-- Task to carry out --
Please return the full listing exactly as written, with the images removed.
[Entries supplied — start]
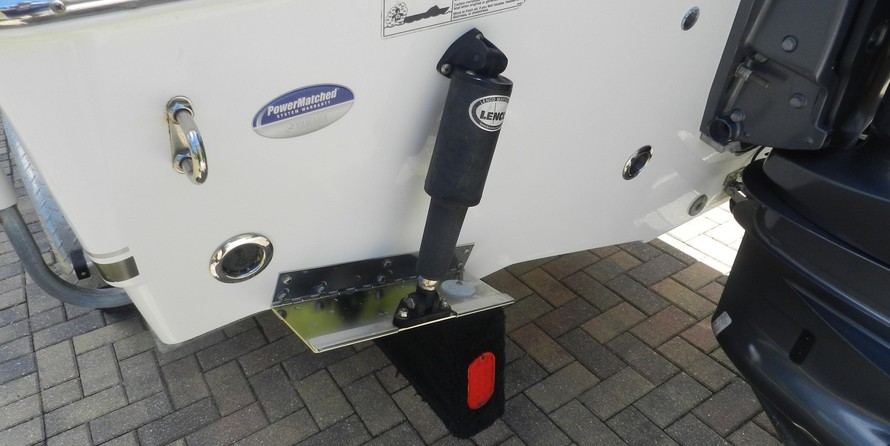 Sea Ray hunt ultra 211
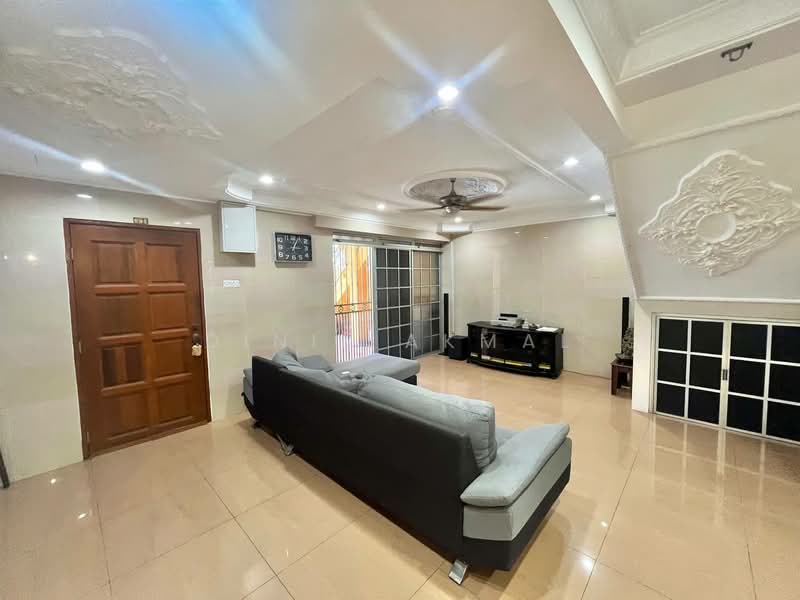 2-storey Terraced House for Sale in Taman Dato' Hormat (Telok Panglima Garang) - Dinie Akmal - PropertyGuru.com.my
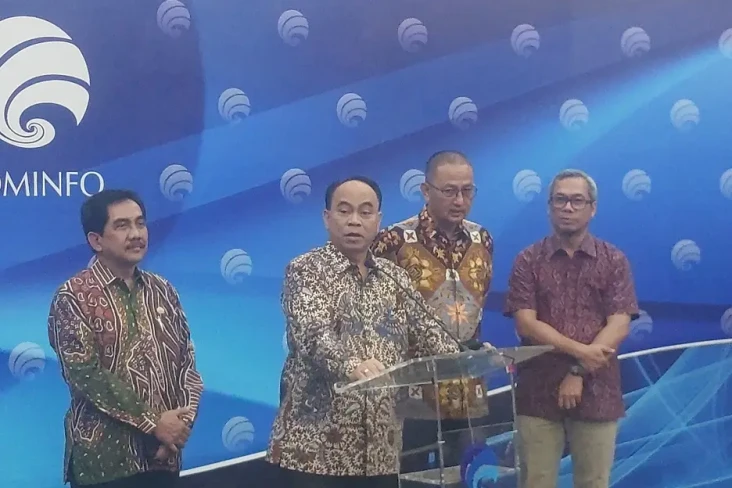 Menkominfo Budi Arie...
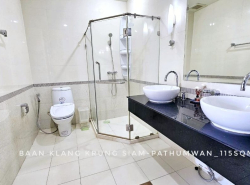 ให้เช่า คอนโด 3 bedrooms city view corner unit บ้านกลางกรุง สยาม-ปทุมวัน คอนโดมิเนียม 115 ตรม. near Siam Paragon CTW BTS Ratchathewi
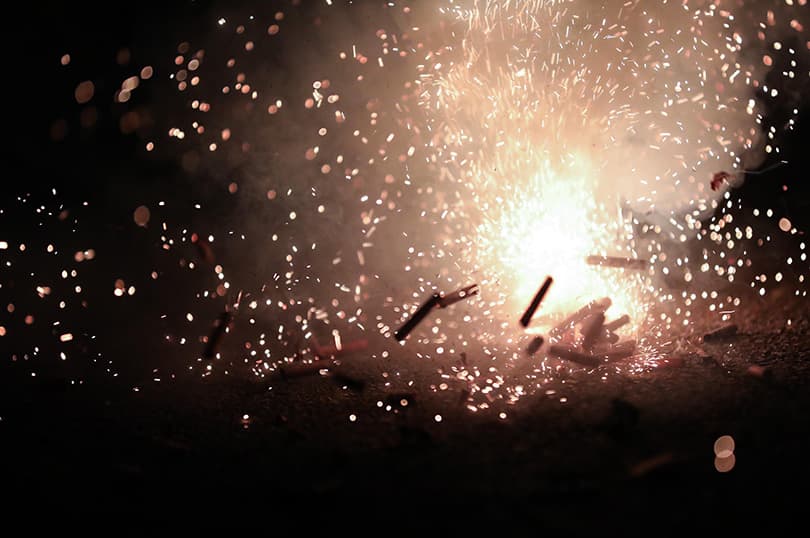 Ilustracija članka: MUP ŽZH upozorava: Oprezno s pirotehnikom i alkoholom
[Entries supplied — finish]
-- Task output --
 Sea Ray hunt ultra 211
 2-storey Terraced House for Sale in Taman Dato' Hormat (Telok Panglima Garang) - Dinie Akmal - PropertyGuru.com.my
 Menkominfo Budi Arie...
 ให้เช่า คอนโด 3 bedrooms city view corner unit บ้านกลางกรุง สยาม-ปทุมวัน คอนโดมิเนียม 115 ตรม. near Siam Paragon CTW BTS Ratchathewi
 Ilustracija članka: MUP ŽZH upozorava: Oprezno s pirotehnikom i alkoholom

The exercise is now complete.